#### [Task to complete]
Please quote exactly the lines below from the line containing "Depilator Elektryczny Braun SE5 Max Biały" to the line containing "White Cashmere Reed Diffuser", both lines included, and nothing else.

#### [Material for the task]

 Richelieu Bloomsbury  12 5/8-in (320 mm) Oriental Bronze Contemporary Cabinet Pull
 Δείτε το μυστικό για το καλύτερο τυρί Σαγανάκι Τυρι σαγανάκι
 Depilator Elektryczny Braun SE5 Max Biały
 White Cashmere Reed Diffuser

--

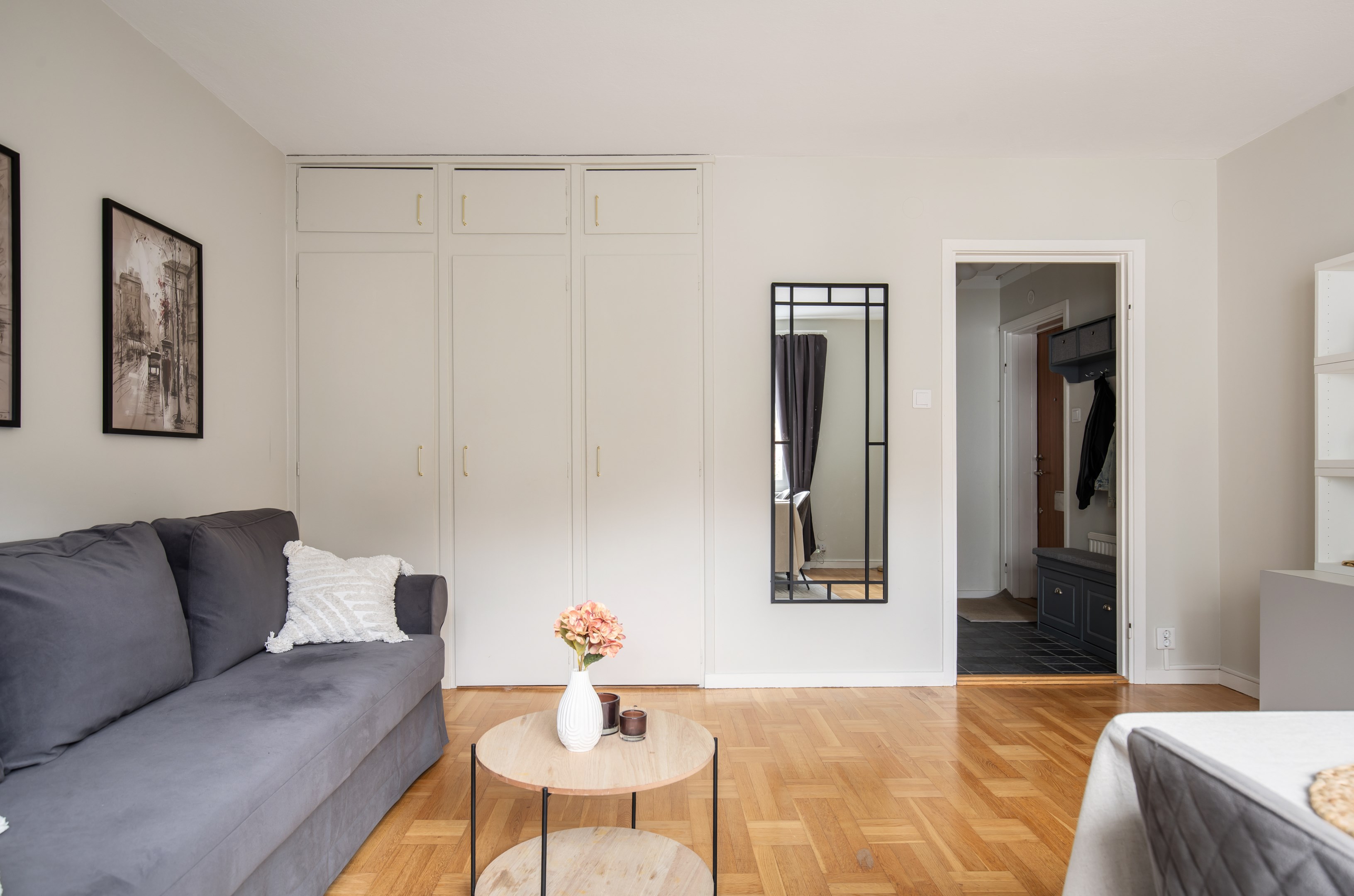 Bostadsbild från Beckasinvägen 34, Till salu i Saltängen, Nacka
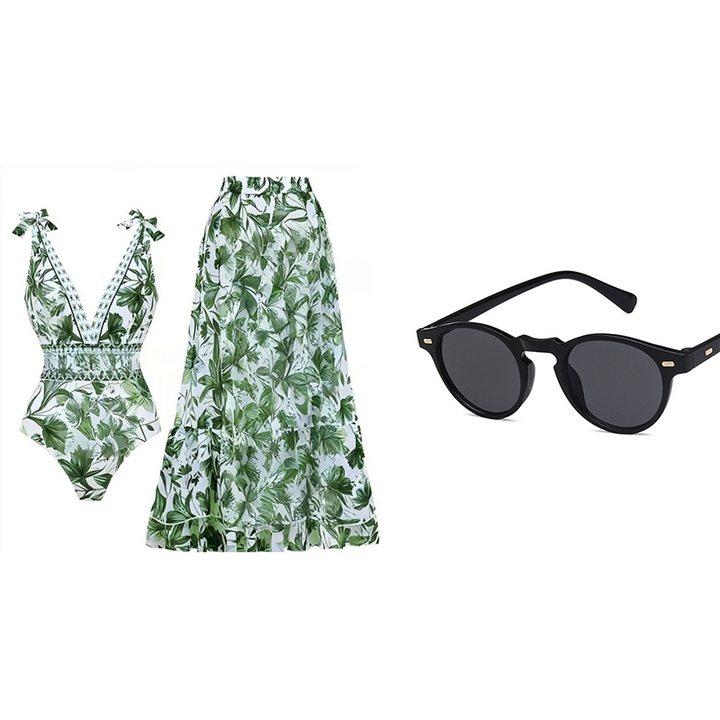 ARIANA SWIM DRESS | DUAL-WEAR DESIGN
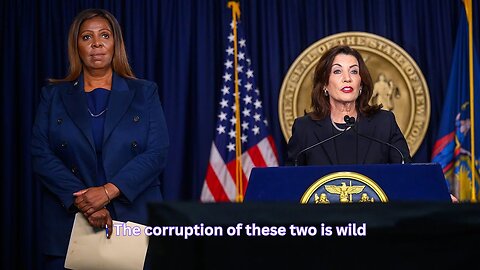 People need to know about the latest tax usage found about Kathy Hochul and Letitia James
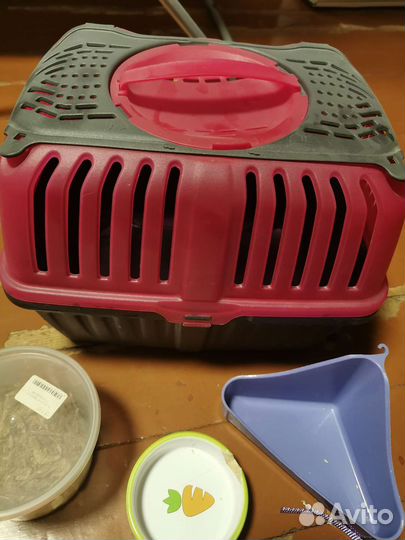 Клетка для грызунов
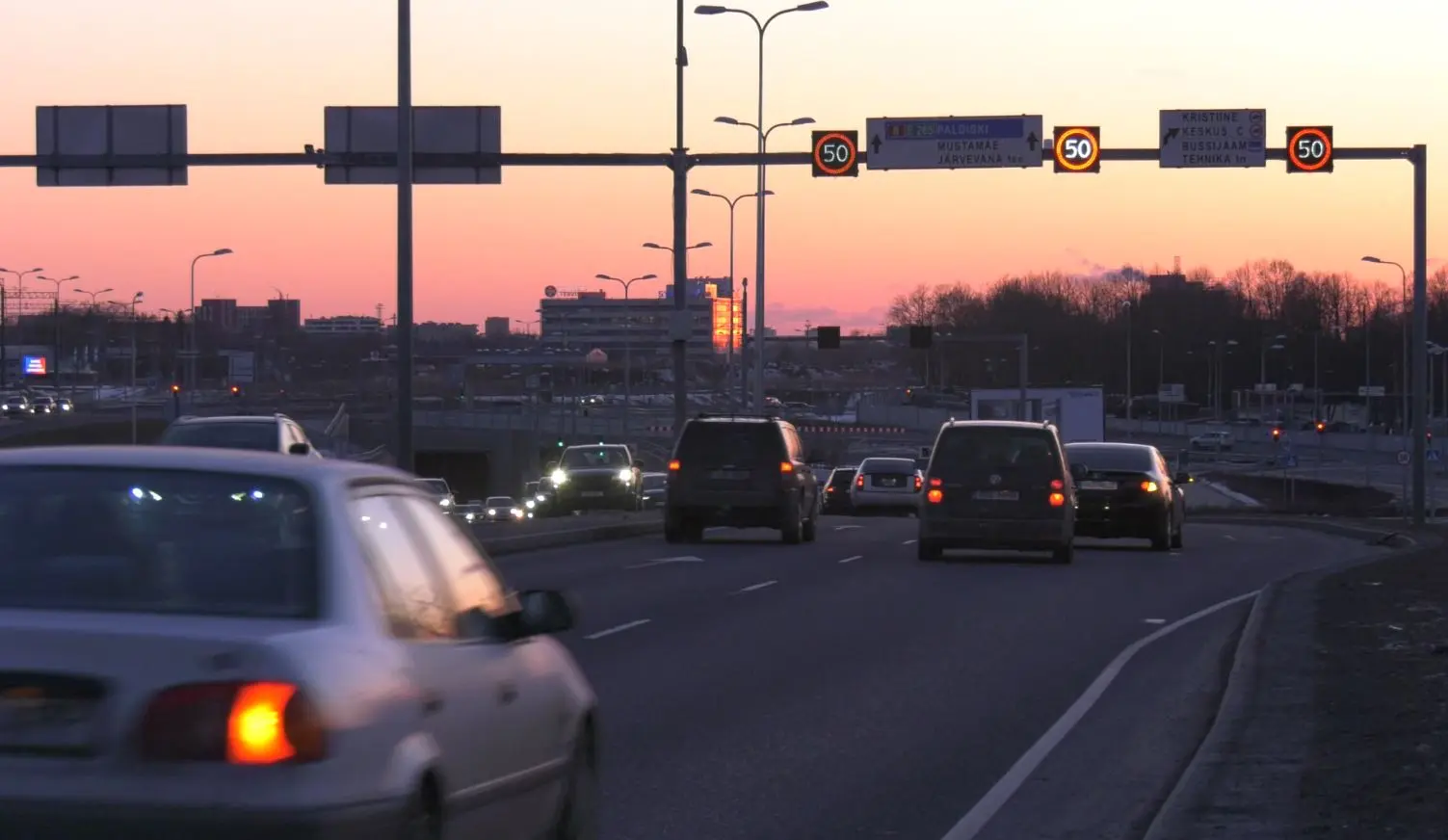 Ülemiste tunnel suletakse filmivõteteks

#### [Response]
 Depilator Elektryczny Braun SE5 Max Biały
 White Cashmere Reed Diffuser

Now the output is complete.